DATASET SECTION:
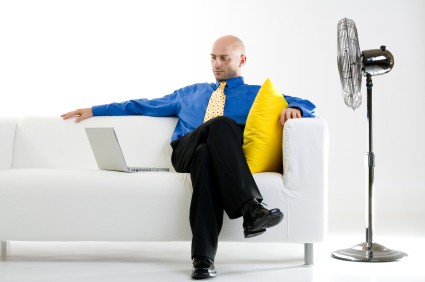 Businessman relaxing on a white couch with a laptop computer beside him to his right. A large standing fan is to his left, pointed in his direction. Isolated on a white background.
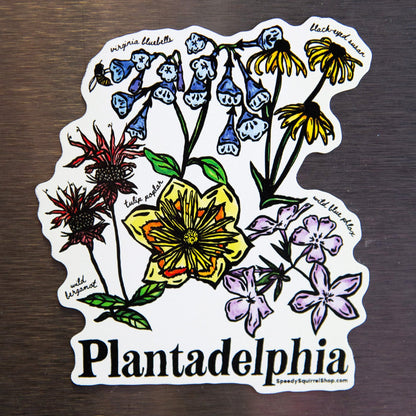 Fridge magnet with colorful flowers and 'Plantadelphia' text on a metallic surface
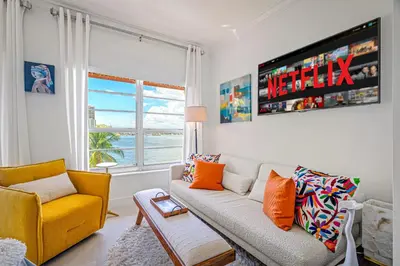 a living room with a couch and a yellow chair at Walk to Ft Lauderdale beach - Water Views & Pool in Fort Lauderdale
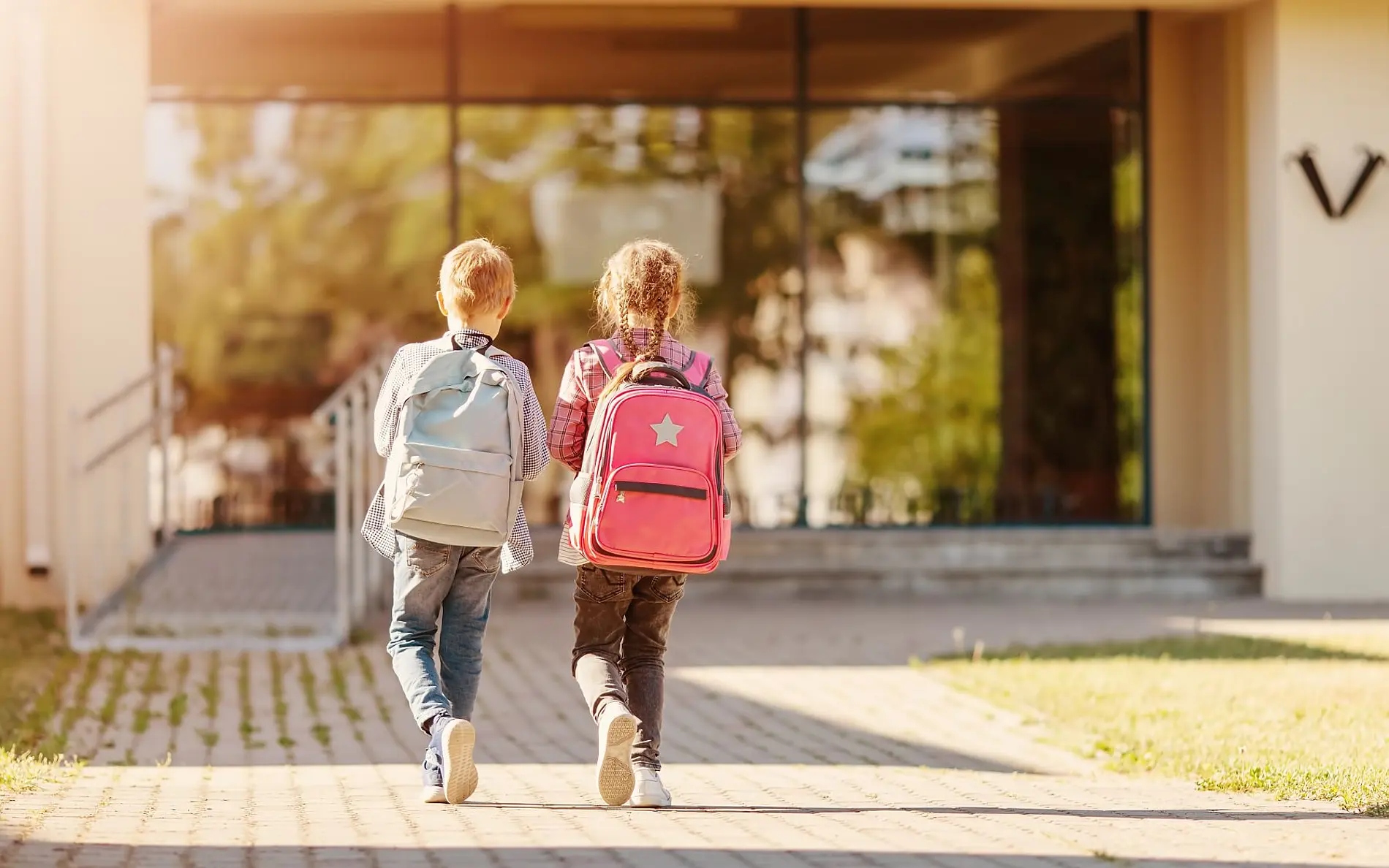 Zwei Kinder von hinten mit großen Schultaschen gehen einen gepflasterten Weg entlang, wo aus den Ritzen Grün ragt. Sie gehen auf ein Gebäude im Hintergrund zu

EXERCISE BRIEF: Your response must reproduce every line of the data exactly, with images omitted.

SOLUTION TO THIS PROBLEM:
 Businessman relaxing on a white couch with a laptop computer beside him to his right. A large standing fan is to his left, pointed in his direction. Isolated on a white background.
 Fridge magnet with colorful flowers and 'Plantadelphia' text on a metallic surface
 a living room with a couch and a yellow chair at Walk to Ft Lauderdale beach - Water Views & Pool in Fort Lauderdale
 Zwei Kinder von hinten mit großen Schultaschen gehen einen gepflasterten Weg entlang, wo aus den Ritzen Grün ragt. Sie gehen auf ein Gebäude im Hintergrund zu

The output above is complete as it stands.